EDWIN STARR DEAD AT 61
Soul singer Edwin Starr died in England of an apparent heart attack Wednesday. He was 61.
Best-known for his hit songs, "War," "Contact," "Agent Double-O Soul and "Stop Her on Sight," the Nashville native died at his home near the central city of Nottingham, his manager Lilian Kyle said.
A staple on the "oldies" touring circuit, Starr performed two shows in Germany last weekend and sang at the star-studded wedding of Liza Minnelli and David Gest in New York last year.
WRITER PROTECTIVE OF 'THE GUYS'
When audiences flocked to see Anne Nelson's thoughtful, intimate play, "The Guys," it wasn't long before the word "movie" was mentioned.
Nelson, who says she wrote the play because she was uncomfortable with the alarmist and militaristic fashion with which the media reacted to the events of Sept. 11, 2001, was guarded about how her play might be adapted to film.
Explaining how she wanted to explore the way ordinary people deal with trauma, loss and grief, and the compassionate ways in which they aid each other in troubled times, the journalist-turned-playwright told reporters in New York how important it was to her that vision be retained if the drama moved to the big screen.
"I didn't want to just sell the rights to the highest bidder and have Hollywood have its way with it," she said. "I couldn't do that to the families because anything that was twisted, even in a well-meaning way in the screen-writing process, could hurt people and I wanted to be responsible, so my conditions as the author of the play was that it be filmed in a way that was very true."
"The Guys," the first feature film specifically about the Sept. 11 tragedies, opens Friday. Starring Sigourney Weaver and Anthony LaPaglia, it is based on Nelson's personal experience helping a heart-broken fire chief write eulogies for men he lost in the attacks on the World Trade Center.
"The Guys" is the film directorial debut of Jim Simpson, artistic director of the Flea Theater where the play was first performed.
GRAHAM NORTON TO RETURN TO NEW YORK
Graham Norton, one of Britain's hottest, most irreverent TV hosts, is bringing his wicked wit to New York City later this month.

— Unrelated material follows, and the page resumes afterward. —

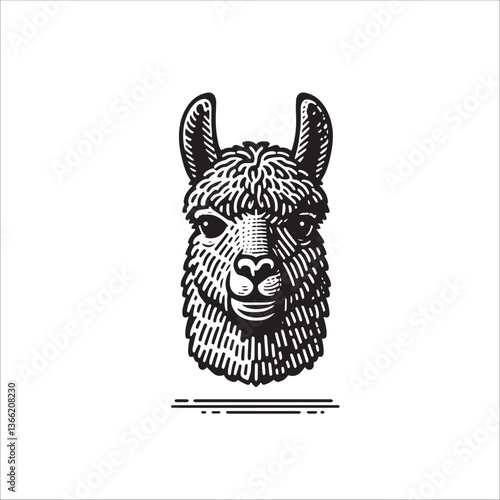 Simple Alpaca Face Head Front View Vector Icon – Vintage Logo & Retro Illustration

"Graham Norton: Red-Handed," Norton's popular solo act, returns to the Big Apple for a special limited run following a wildly successful, sold-out engagement in September 2002. The stage show will run from Tuesday, April 22, through Saturday, May 10, at Manhattan's East 13th Street Theater.
Raised in a remote village in the Republic of Ireland, the 39-year-old comedian is the Emmy Award-winning host of British Broadcasting Corp.'s "So Graham Norton."
FAY WRAY APPROVES OF NEW 'KONG' PROJECT
Speaking exclusively to New Zealand's Dominion Post in Wellington, the Canadian-born actress, who is now 95, said she was impressed Jackson wanted to remain true to the original by setting it in the same period.
"I remember Merion Cooper so well, who created the original. I still remember when he was just thinking of the idea for the film and he looked at me and said, I know -- I think I will call it Kong -- no, even better, I will call it King Kong!'" she told the paper. "He was a wonderful person -- so strong and devoted to film. I think it is excellent and honorable that Peter Jackson wants to be true to the original. And I am proud that he wants to keep King Kong alive."
While Wray, who began her film career in 1923, approved the remake, she said she would not consider making a cameo appearance. When Jackson and backers Universal first considered making the film in 1996, Wray had been invited to make a cameo, uttering the famous line at the end of the original film: "It was beauty killed the beast."
"(King) Kong was always an independent kind of guy and I think he should stay that way," she joked. "But, it is wonderful knowing that people care, and that Peter Jackson cares. That is what is important."
Jackson said earlier this week he was 9 when he saw the original film, which features Wray in the clutches of King Kong on top of the Empire State Building, and it inspired him to make films.